> _Aim of the task_: The entries below should be set down again exactly, with every picture left out.
** Opening Provided information block **
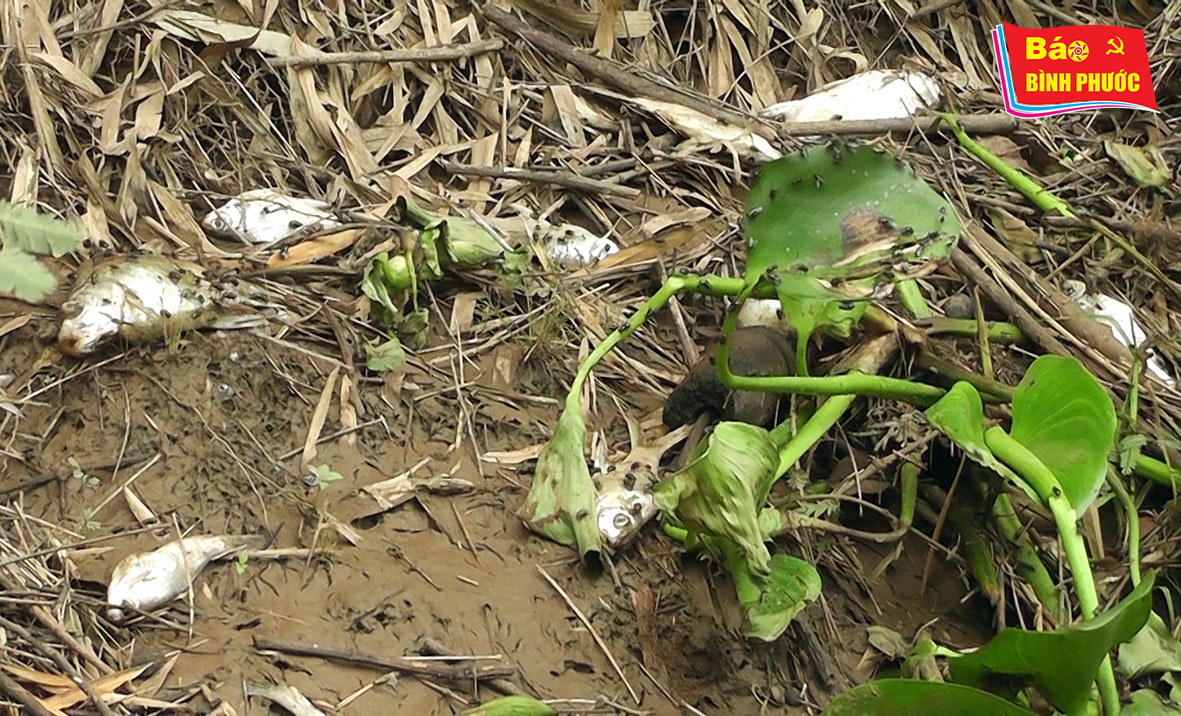 [Video] Cá chết trắng sông Sài Gòn: Nguyên nhân do đâu?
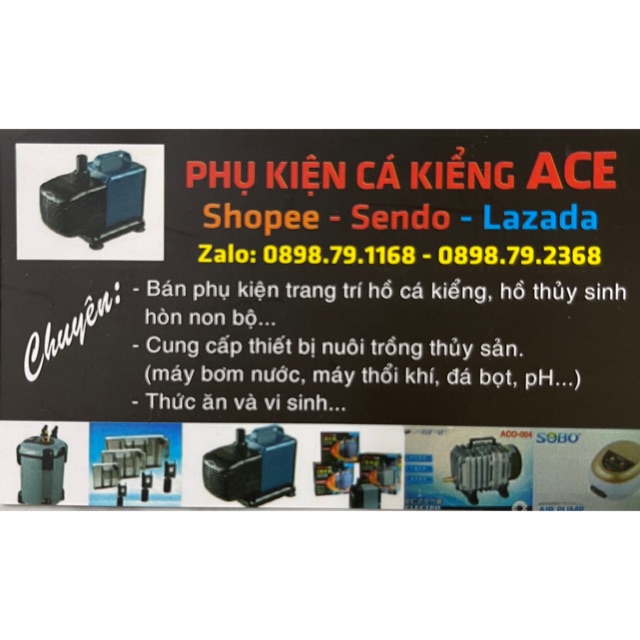 PHỤ KIỆN CÁ KIỂNG ACE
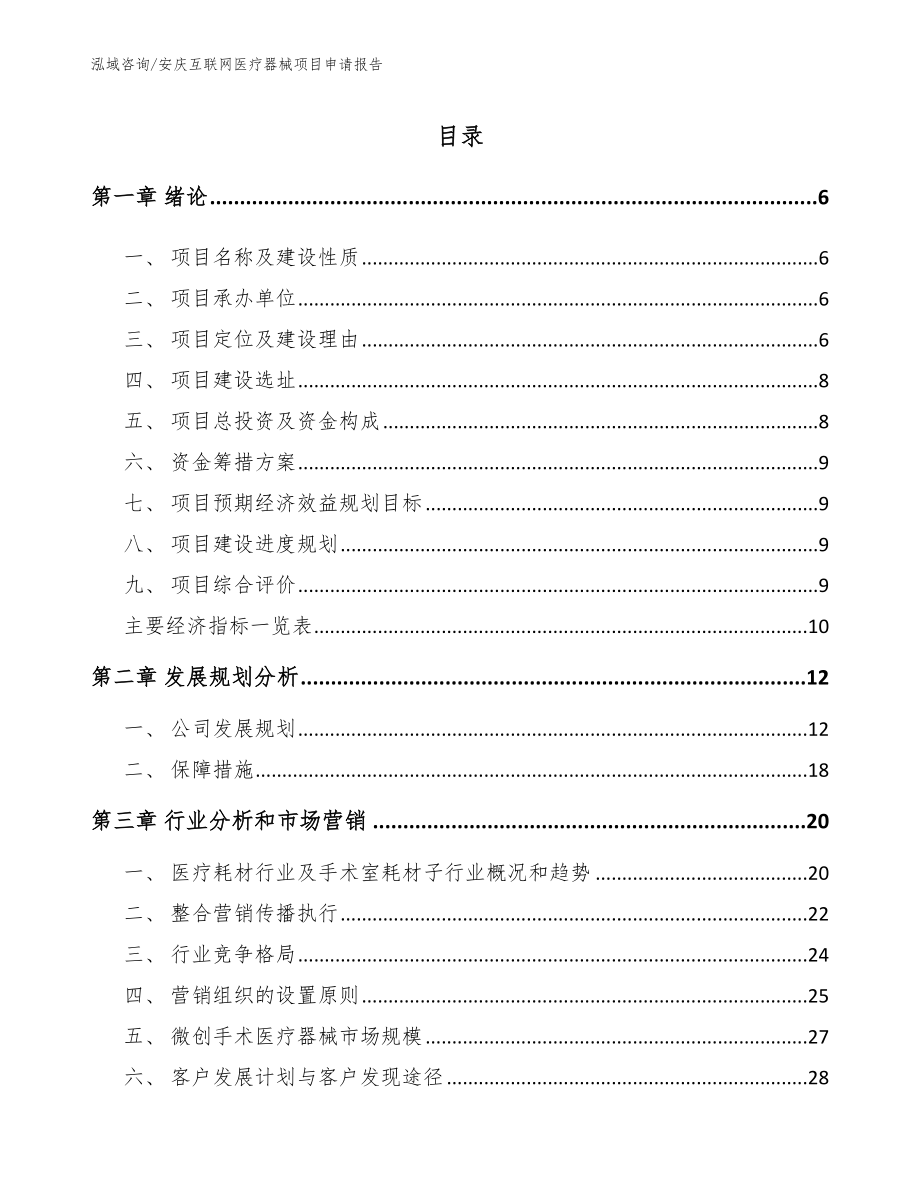 安庆互联网医疗器械项目申请报告_参考范文_第1页
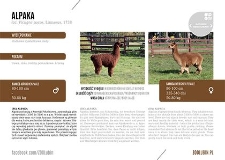 Alpaka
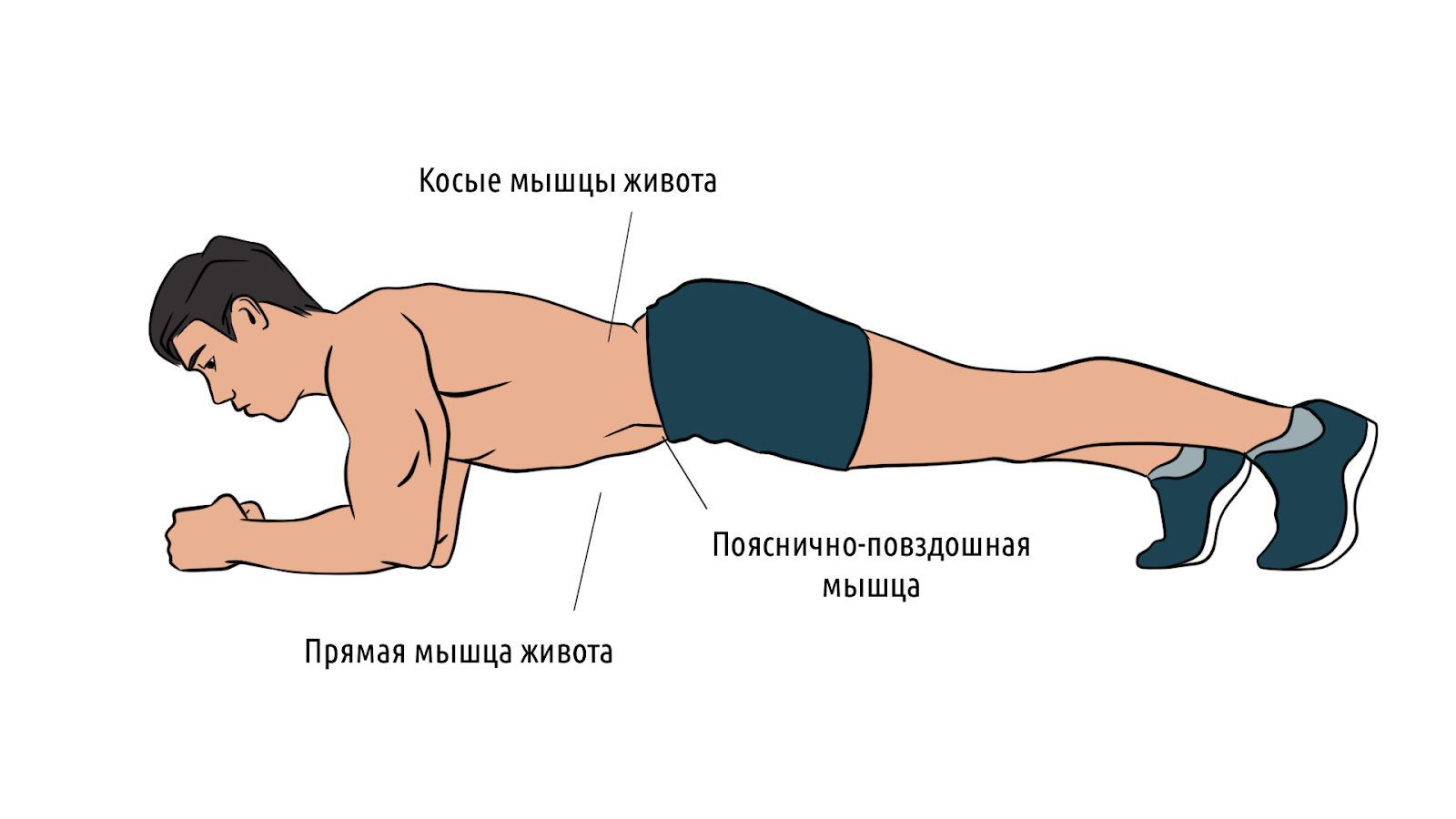 Упражнение «Планка»: как правильно выполнять, и в чём польза – 1
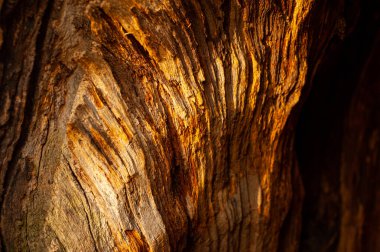 Yapılı ahşap. Eski tahta arkaplan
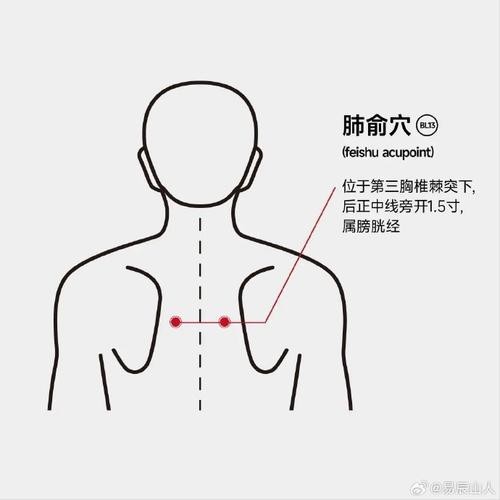 肺俞的準確位置圖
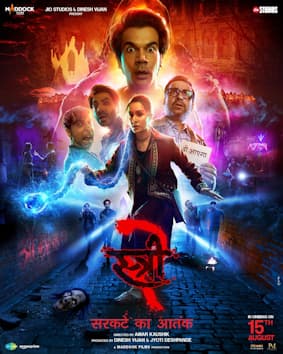 #2 Stree 2 — Top 10 Hottest Bollywood Films of 2025: Box Office Hits You Must Watch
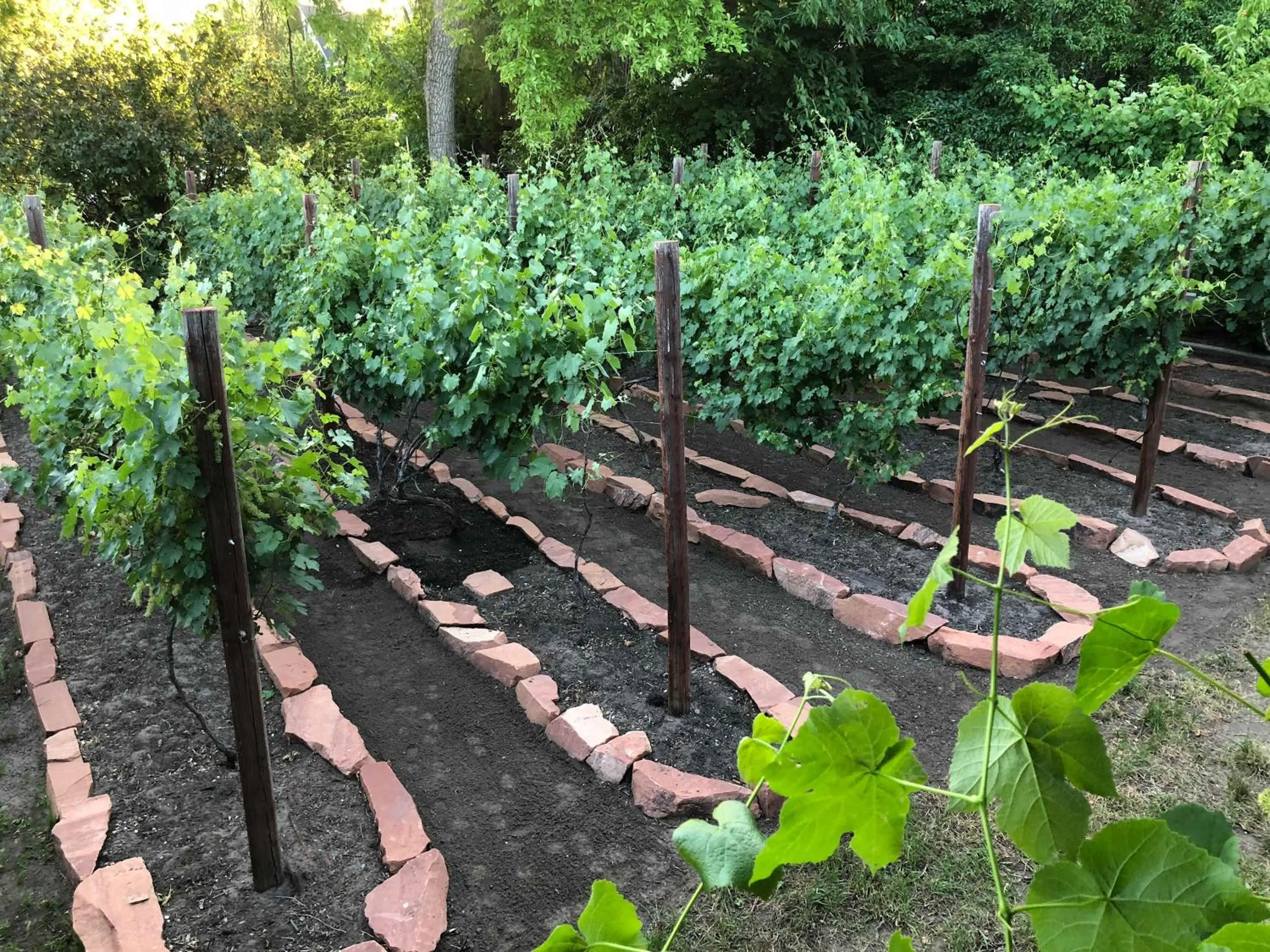 Garden in 6-Bedroom Tudor in the Downtown Historic District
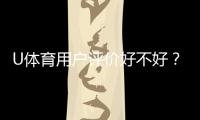 U体育用户评价好不好？真实玩家体验分享与深度解析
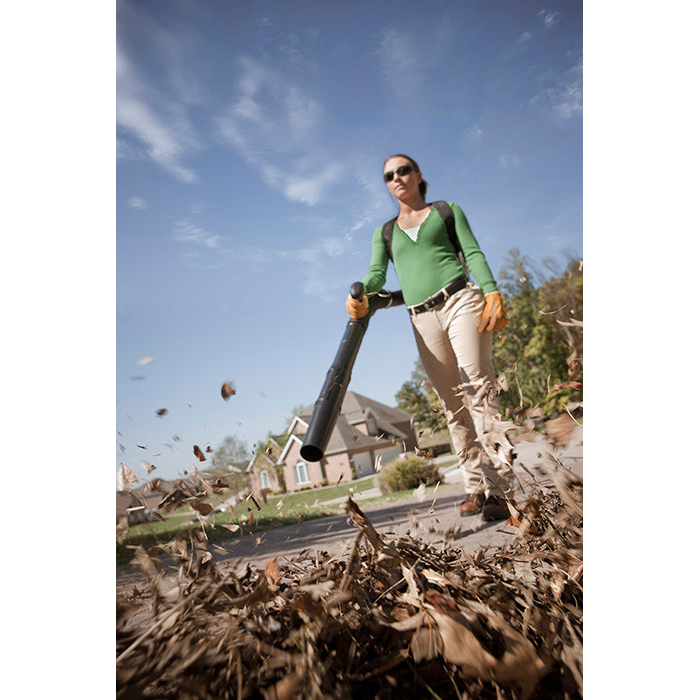 Alternate Image of STIHL BR 200 Homeowner Blower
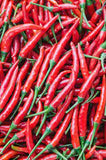Pepper - Cayenne Long Red Pepper Seed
** Closing Provided information block **
> _Your solution_:
 [Video] Cá chết trắng sông Sài Gòn: Nguyên nhân do đâu?
 PHỤ KIỆN CÁ KIỂNG ACE
 安庆互联网医疗器械项目申请报告_参考范文_第1页
 Alpaka
 Упражнение «Планка»: как правильно выполнять, и в чём польза – 1
 Yapılı ahşap. Eski tahta arkaplan
 肺俞的準確位置圖
 #2 Stree 2 — Top 10 Hottest Bollywood Films of 2025: Box Office Hits You Must Watch
 Garden in 6-Bedroom Tudor in the Downtown Historic District
 U体育用户评价好不好？真实玩家体验分享与深度解析
 Alternate Image of STIHL BR 200 Homeowner Blower
Pepper - Cayenne Long Red Pepper Seed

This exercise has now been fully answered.